Yeah i forgot again i was thinking of the rainbows being cats i remember now blacks are a type of carp along with the balla sharks just different family of them or something. Next time i go to that pet store im going to have to see if they still have that pictus and get a picture of it im thinking it was over 10 inches guarenteed it was just massive my jaw dropped open when i saw it they had it in a huge tank. Its a few hours drive tho so dont know when ill be making the trip again but thats gotta be the most amazing pet store i have ever seen they have a lot of tanks that are around 300-600 gallons with 2 indoor ponds around 3,000 gallons with super expensive koi well not compared to what you can find on the internet but what you can find in any petstore.
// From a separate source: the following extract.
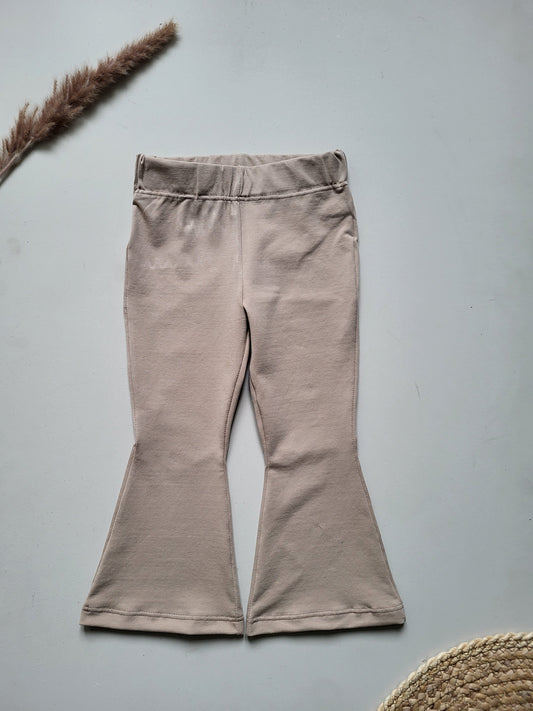 Ontdek de mooiste flared leggings voor meisjes van Littlemay.nl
They had a tank with 5 pacu's all around 15 lbs. they have around 30,000 accumulative gallons and an entire big room with all custom tanks they had like a 300 gallon bow front was one that stuck out in my eyes the most lol just beautiful!


----------



## Tallonebball (Apr 6, 2009)

Hey can you take some pics or give a website or something on that pet store? Im very interested, you make it sounds too awesome for me to not know about it lol. Where is it?


----------



## Revolution1221 (Apr 20, 2010)

Tallonebball said:


> Hey can you take some pics or give a website or something on that pet store? Im very interested, you make it sounds too awesome for me to not know about it lol. Where is it?


the website doesn't do it justice although its about one of the best websites ive seen for a lfs its located in minneapolis, MN http://aqualandmn.com/home/ its litteraly the size of petsmart but nothing but fish and fish tanks for sale.


----------



## Guest (May 23, 2010)

there is another species of sharks known to live in the river Ganges in india as well.


----------



## Revolution1221 (Apr 20, 2010)

Eluviet said:


> there is another species of sharks known to live in the river Ganges in india as well.


thats my fault there ive done avid research into "true" freshwater sharks and never had any luck must not have looked good enough tho.


----------



## TheOldSalt (Jan 28, 2005)

NICE store. Can anybody say, ROAD TRIP! WHOO!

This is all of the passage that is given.